= Kilden – Information Centre for Gender Research =

Kilden genderresearch.no (Kilden kjønnsforskning.no) is a national knowledge centre for gender perspectives and gender balance in research, established in 1998 by Research Council of Norway and based at Lysaker in Oslo.

==Organization==
The centre is a subdivision of Research Council of Norway, visible at the national level, with a board of directors appointed by the council's CEO. It reports to the council's Science Division. Kilden promotes and informs about Norwegian gender research within Norwegian communities and those abroad through documentation of gender-related resources and activities

==History==
Kilden's early formation was rooted in European women libraries, dating back to the 1920s and 30s, and gained momentum in the movement to promote archival documentation of women's history in the 1970s. Contrary to what many would assume, Nordic countries were late in the creation of female libraries and archives. In 1958, Kvinnohistoriskt Arkiv (Women's History Archive) in Gothenburg, Sweden was the first to form. This was followed by the establishment of Kvindehistorisk Samling (Women's History Collection) in 1964. The 1970s saw the struggles of Norwegian feminists - activists and researchers alike - in implementing an information and documentation centre dedicated to women's history. It would not be until 1994 when Norway would finally gain a national information and documentation service for women's research, after the Research Council of Norway decide to lend support for such work. Thus, on 1 September 1998, KILDEN was formally established. KILDEN is an acronym for “Kvinne- og kjønnsforskningens InformasjonsLinje og Dokumentasjonsenhet i Norge” which, in English, can be translated to “Information Line and Documentation Unit for Women’s and Gender Research in Norway”. The first director of Kilden was Nina Kristiansen.

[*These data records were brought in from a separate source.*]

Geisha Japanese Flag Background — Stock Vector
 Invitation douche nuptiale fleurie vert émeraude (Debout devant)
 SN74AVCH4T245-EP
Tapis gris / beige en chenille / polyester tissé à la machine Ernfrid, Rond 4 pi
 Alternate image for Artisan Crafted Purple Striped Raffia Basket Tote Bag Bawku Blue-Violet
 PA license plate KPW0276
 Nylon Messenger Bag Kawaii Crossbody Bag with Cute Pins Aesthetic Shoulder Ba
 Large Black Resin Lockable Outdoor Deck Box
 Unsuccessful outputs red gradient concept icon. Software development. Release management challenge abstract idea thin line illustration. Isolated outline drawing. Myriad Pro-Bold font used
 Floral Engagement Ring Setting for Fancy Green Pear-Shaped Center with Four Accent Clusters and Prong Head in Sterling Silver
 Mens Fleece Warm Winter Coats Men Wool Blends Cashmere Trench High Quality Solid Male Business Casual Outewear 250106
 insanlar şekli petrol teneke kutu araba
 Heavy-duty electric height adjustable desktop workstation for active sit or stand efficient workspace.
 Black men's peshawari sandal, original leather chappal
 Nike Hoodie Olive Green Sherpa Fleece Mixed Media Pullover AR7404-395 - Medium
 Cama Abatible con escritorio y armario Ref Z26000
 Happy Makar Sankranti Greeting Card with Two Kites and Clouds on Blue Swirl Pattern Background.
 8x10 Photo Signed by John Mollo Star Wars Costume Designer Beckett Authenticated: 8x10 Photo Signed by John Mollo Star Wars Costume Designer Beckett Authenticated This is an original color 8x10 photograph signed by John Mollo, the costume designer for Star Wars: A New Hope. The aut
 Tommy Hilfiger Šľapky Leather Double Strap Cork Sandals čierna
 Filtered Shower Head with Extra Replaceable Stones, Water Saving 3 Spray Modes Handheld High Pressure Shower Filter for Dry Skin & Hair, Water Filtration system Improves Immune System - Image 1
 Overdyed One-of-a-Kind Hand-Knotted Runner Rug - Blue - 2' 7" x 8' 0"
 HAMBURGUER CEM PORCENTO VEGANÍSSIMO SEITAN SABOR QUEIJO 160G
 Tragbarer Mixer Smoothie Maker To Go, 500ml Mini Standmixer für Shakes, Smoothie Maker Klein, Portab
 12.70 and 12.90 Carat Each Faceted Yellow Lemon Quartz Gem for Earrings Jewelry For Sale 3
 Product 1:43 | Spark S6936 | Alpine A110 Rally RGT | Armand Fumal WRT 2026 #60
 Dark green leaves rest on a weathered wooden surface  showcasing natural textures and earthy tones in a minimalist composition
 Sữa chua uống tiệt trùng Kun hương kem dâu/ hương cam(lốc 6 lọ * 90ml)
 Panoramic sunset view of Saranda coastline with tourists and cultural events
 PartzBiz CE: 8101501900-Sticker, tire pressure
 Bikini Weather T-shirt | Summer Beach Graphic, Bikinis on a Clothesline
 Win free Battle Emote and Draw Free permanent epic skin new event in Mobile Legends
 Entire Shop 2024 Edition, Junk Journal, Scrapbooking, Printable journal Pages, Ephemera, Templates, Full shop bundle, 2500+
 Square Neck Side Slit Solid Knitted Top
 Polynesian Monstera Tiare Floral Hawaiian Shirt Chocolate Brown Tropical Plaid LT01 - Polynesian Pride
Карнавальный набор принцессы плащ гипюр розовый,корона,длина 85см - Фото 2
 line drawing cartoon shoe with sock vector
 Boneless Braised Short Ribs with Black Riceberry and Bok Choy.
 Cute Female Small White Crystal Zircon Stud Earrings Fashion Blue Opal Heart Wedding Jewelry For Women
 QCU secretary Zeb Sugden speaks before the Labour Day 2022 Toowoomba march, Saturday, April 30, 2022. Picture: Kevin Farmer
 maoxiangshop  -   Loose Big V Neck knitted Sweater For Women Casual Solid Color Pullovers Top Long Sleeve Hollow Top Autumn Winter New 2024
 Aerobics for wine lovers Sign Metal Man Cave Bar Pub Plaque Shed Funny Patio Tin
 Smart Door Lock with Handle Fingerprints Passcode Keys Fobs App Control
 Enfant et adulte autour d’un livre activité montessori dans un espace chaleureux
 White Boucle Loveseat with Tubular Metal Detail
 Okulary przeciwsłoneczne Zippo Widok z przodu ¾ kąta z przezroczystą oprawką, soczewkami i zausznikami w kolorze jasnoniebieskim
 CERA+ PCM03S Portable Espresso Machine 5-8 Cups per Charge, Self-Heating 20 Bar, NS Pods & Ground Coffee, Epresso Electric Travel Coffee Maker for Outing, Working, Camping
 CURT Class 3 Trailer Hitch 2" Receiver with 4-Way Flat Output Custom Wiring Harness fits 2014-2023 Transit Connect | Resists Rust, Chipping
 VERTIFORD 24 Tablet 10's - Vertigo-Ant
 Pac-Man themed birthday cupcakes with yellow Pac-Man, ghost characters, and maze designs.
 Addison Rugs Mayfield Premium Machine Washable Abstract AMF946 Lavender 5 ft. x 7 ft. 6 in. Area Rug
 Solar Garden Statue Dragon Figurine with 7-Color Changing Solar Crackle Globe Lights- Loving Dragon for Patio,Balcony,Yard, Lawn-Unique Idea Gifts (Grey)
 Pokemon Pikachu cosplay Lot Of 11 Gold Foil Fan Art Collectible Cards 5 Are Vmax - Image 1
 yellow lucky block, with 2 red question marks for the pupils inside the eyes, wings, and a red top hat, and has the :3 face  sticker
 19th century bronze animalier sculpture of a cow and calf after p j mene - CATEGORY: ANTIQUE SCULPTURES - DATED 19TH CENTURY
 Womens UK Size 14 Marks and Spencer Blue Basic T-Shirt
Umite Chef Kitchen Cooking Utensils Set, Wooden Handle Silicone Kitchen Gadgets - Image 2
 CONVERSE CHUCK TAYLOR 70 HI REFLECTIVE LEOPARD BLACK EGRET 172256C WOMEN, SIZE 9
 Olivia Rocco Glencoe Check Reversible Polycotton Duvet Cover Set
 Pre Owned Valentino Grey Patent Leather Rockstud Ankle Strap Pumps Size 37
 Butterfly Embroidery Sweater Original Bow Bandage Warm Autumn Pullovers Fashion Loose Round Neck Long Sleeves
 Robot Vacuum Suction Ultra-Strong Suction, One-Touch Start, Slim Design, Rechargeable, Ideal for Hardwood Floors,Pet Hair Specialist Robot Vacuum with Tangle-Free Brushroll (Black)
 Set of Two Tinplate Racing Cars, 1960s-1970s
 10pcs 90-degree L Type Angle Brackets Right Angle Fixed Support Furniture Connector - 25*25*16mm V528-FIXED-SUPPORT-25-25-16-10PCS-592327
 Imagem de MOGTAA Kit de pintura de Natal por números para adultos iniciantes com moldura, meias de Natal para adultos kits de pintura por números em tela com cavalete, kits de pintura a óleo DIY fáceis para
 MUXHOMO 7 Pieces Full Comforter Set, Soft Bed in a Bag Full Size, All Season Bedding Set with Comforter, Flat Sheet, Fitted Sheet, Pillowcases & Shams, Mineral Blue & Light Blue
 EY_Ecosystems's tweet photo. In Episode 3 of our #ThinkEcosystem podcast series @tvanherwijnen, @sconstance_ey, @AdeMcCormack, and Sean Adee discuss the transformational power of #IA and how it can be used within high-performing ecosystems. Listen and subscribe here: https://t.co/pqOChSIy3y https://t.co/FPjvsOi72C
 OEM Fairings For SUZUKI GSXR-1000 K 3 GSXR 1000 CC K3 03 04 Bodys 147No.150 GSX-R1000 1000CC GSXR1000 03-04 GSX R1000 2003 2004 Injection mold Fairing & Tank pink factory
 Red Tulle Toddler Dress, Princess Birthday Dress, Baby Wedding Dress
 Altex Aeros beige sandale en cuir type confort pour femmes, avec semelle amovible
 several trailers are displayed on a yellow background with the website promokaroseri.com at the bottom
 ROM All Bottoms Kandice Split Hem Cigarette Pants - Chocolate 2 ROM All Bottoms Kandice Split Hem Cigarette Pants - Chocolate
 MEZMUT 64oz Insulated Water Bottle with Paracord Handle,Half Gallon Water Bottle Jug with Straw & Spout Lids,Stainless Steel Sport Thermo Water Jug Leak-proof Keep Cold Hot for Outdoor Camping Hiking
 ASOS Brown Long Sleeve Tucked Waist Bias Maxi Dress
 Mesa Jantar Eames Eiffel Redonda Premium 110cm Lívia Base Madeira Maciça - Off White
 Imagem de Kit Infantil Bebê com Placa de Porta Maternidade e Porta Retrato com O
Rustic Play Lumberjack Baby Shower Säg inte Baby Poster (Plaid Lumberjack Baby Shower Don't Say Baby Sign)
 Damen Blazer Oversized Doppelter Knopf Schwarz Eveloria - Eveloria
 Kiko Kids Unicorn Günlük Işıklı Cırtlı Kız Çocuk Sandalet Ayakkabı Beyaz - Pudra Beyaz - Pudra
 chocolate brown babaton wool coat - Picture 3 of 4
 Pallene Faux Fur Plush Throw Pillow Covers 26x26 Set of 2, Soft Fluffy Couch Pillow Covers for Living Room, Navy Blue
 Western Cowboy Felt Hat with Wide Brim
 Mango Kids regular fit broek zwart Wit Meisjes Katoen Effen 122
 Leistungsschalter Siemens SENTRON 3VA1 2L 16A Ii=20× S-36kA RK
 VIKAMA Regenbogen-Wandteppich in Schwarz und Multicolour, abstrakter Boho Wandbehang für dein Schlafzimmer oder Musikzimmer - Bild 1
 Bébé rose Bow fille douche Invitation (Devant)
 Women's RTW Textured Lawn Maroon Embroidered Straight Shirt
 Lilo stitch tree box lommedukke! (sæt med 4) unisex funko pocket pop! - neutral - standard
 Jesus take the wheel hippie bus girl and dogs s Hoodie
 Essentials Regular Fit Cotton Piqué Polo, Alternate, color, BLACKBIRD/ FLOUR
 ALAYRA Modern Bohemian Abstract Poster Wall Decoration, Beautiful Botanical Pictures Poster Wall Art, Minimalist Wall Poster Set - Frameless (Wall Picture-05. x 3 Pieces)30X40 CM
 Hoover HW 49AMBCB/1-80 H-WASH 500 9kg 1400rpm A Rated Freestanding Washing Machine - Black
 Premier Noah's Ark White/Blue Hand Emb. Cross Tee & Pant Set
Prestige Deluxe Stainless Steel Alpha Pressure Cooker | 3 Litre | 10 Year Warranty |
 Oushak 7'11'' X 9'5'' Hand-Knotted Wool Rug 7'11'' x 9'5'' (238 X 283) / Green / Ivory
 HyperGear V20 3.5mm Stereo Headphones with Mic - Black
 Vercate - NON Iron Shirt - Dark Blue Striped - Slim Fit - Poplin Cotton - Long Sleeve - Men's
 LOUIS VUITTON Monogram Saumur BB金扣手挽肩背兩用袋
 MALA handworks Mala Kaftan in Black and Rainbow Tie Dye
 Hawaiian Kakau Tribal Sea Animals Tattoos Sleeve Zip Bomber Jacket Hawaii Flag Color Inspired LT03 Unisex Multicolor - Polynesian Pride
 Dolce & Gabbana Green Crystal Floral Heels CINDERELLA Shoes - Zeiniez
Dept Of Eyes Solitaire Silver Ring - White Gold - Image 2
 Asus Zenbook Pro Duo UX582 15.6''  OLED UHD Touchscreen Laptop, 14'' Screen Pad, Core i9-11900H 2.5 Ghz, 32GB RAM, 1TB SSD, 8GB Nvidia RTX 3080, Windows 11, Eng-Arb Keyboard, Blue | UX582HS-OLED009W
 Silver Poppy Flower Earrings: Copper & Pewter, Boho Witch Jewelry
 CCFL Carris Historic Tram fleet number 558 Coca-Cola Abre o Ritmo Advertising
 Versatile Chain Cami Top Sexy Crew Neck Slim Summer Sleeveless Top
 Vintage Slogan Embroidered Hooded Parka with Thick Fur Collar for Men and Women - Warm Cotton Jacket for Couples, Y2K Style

In 1999, Kilden's website was launched. The English version of the website was launched in 2007. Kilden's name was changed to Kilden kjønnsforskning.no in 2015.

==Strategy==
Kilken strives to be a leading disseminator on gender research and perspectives. As such, Kilden is closely associated with academic and educational facilities due to academia most often serving at the forefront of breakthrough research on gender and gender studies. Kilden's statutes as of 5 October 2017 are available for public viewing, both in Norsk and in English.